The Reuters Picture Library embarked on a digitisation strategy to make around 30% of the archive available for customer requests online. The archiving requires the images to be well documented; categorised by hierarchies, and include keywords to enable the searching and rapid retrieval of specific assets. Simultaneously, news feeds of around 1,000 images relating to news breaking stories are submitted to the news desk daily, and those that are appropriate for potential future sales are included in the archive.

With such a vast quantity of assets to catalogue a major obstacle has been the ability for Reuters’ editors to rapidly create hierarchies of terms and keywords. Whilst an internal workflow system existed picture editors were finding the system too inflexible for creating picture specific terms since it addressed more news feeds and text requirements. Duplication of terms, inconsistency and varying interpretation of terms and semantics across editorial content creation were also a major concern for Reuters. Furthermore as Reuters adhered to stringent IT security policies the solution had to function as a web application with secure access for the inclusion of external users. Once the content had been created and approved, it had to reside on a new picture library system to enable sales executives to retrieve assets from the archive to fulfil sales enquiries.

Delivery

Following on from consultation discussions with Reuters,we were able to define a clear requirements analysis outlining the following:

The creation of a customised polyhierachical thesaurus system with a workflow to facilitate the reviewing process of created terms and keywords
Creation of the thesaurus content by Phocuus Ltd’s editorial team
Ongoing collaboration with Reuters editorial team to refine the thesaurus

Modifications were made to the existing keyword and categories module of Phocuus to enable the creation of a polyhierachical thesaurus. Integration with the task manager module enabled editors to be assigned specific nodes and trees to develop. The workflow allows the project manager to define the approval order to enable the completed work to pass through the various channels for sign-off and progression to the next stage of the workflow.

Once signed off the node is released as read-only to enable other users to view, share, and copy that category resulting in a related polyhierachy. Since each node is associated with its originator the system allows updates, amends and additions to the hierarchies to be shared with other users. A comments facility enables an editor sharing users terms to make suggestions and flag if they feel the terms are inappropriate, which submits an email to the project manager to review and assess the information. Comprehensive searching facilities enabled editors to search to find existing terms for using in their tree construction and so reduce the need for duplication.

Once an approved node was returned to the editor, they could progress to the next phase of the content creation, the generation of keywords, gerunds, plurals and Americanised terms.Since the refining process is continual the workflow functions can be re-assigned to different stages of the workflow and different editors. The audit trail enables the senior editor or project manager to trace back the different terms and hierarchies and review the comments provided.

Due to Reuters’ strict IT policy there were concerns for the direct integration of a third party application. As a result the data structure facility, which could generate XML, CSV and text file output enabled the required data to be generated from the system. Since the data structures created within Phocuus mirror that of the new Reuters picture library system the migration to the new system of the content was a relatively smooth process.

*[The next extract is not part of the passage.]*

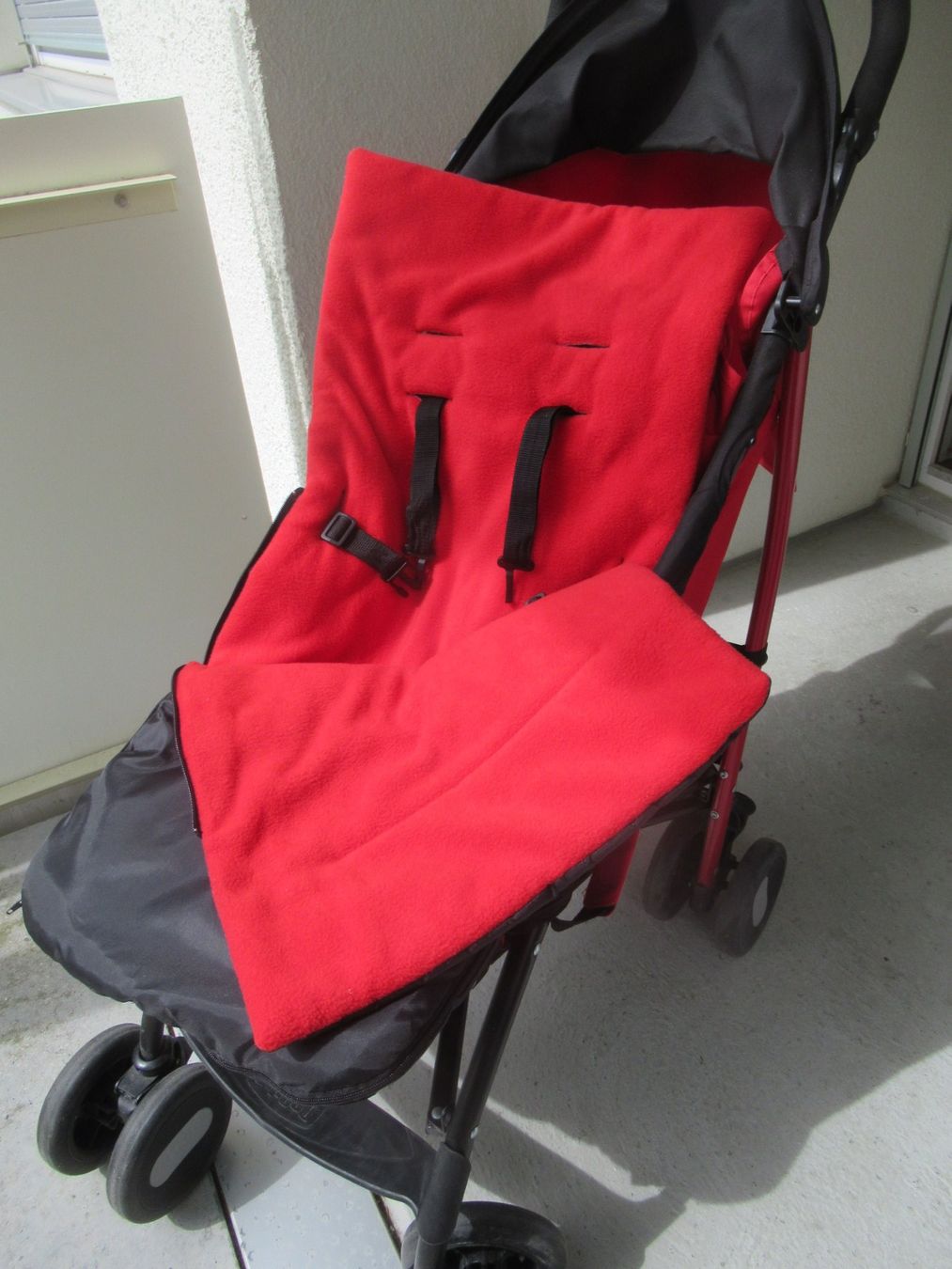 Chicco Carrozzine: "Chicco Echo" Kinderwagen / Buggy / Stroller – Usato da Zollikerberg venduto da sanval 4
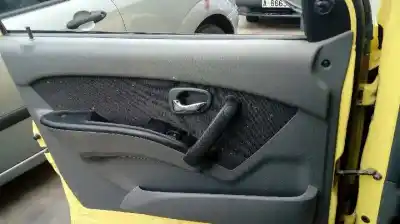 Veículo de Sucata hyundai atos prime (mx) gl do ano 2001 alimentado g4hc-e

Phocuus continues to be in use by Reuters and Phocuus Ltd continues to provide an ongoing support service for the upkeep of the application and the ongoing refinement of terms for inclusion in the new picture library system. We are also in discussions with Reuters for phase 2 developments, which will culminate in the data mining of captions created for an image, from which keywords and hierarchies could be automatically created for assigning to the images and re-importing to the system utilising IPTC.